> [Task to carry out] Please set down only the lines below starting with the line with "Sobrado 2 suítes" and going on through the line with "Over 1000 PPP", verbatim and without pictures.

> [Material to process]
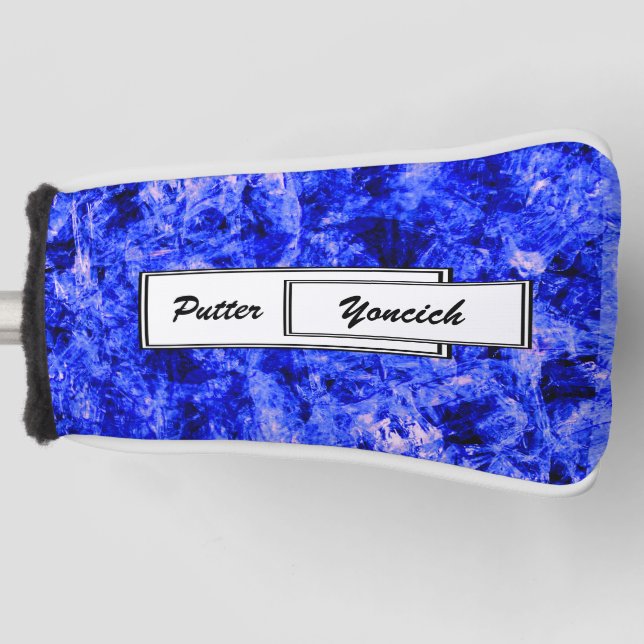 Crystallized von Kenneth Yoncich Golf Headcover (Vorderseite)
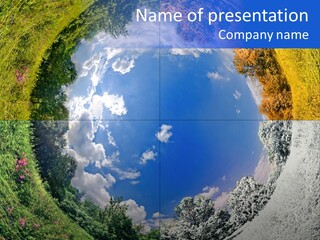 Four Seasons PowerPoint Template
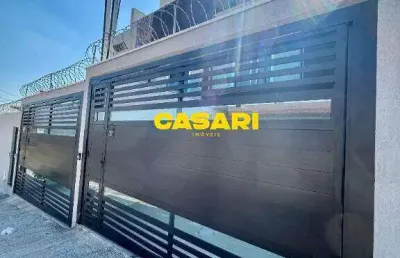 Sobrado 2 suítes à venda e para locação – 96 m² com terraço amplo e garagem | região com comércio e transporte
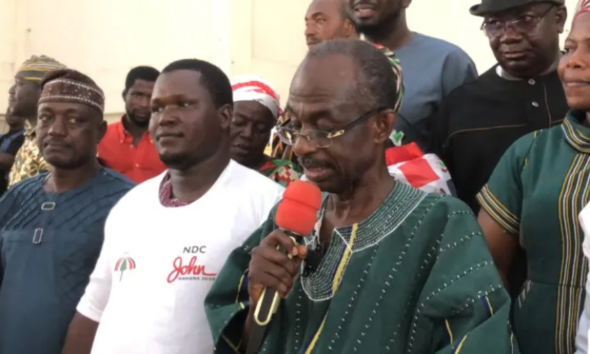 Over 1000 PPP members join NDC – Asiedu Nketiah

==

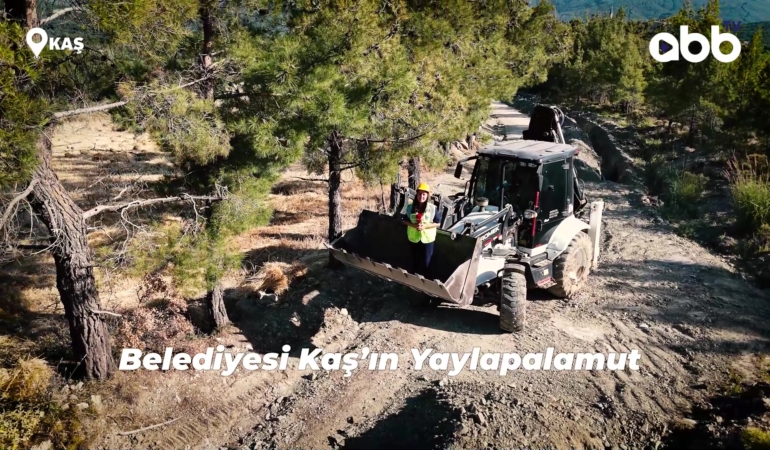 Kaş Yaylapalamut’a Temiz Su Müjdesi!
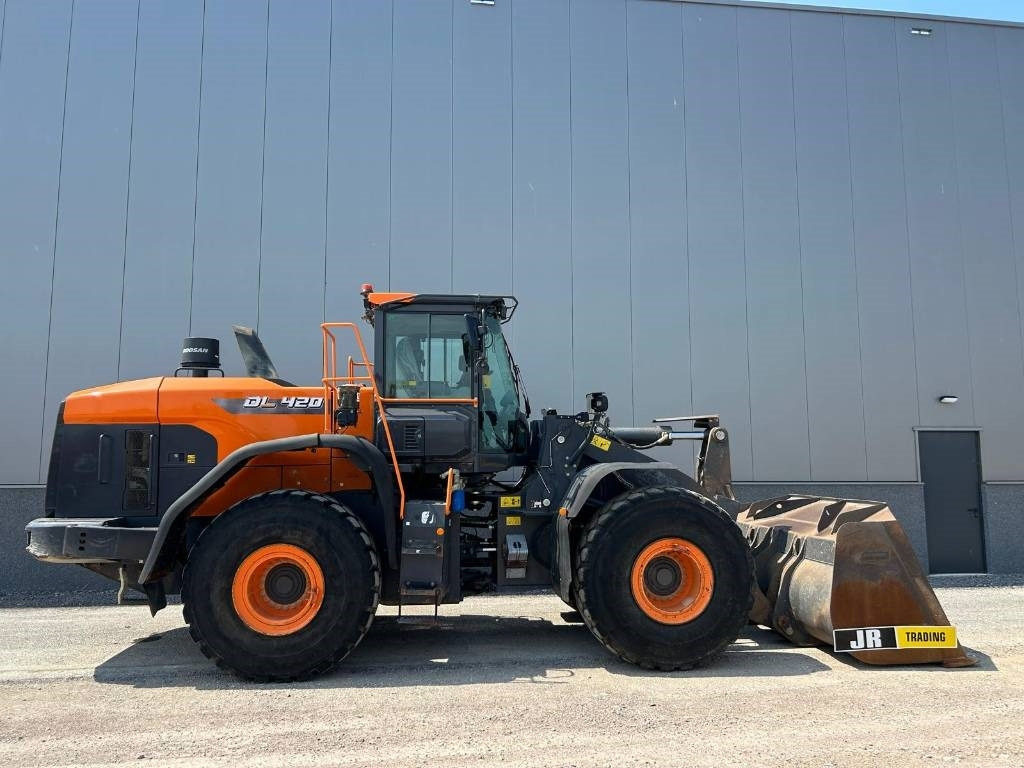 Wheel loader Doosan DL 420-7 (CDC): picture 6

---

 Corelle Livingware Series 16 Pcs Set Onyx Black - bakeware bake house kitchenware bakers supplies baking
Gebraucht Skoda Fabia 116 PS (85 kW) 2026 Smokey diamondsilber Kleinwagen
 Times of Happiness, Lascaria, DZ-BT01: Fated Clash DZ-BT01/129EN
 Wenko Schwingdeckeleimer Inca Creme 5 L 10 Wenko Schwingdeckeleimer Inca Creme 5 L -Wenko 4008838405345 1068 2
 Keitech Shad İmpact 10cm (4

> [Reply]
 Sobrado 2 suítes à venda e para locação – 96 m² com terraço amplo e garagem | região com comércio e transporte
 Over 1000 PPP members join NDC – Asiedu Nketiah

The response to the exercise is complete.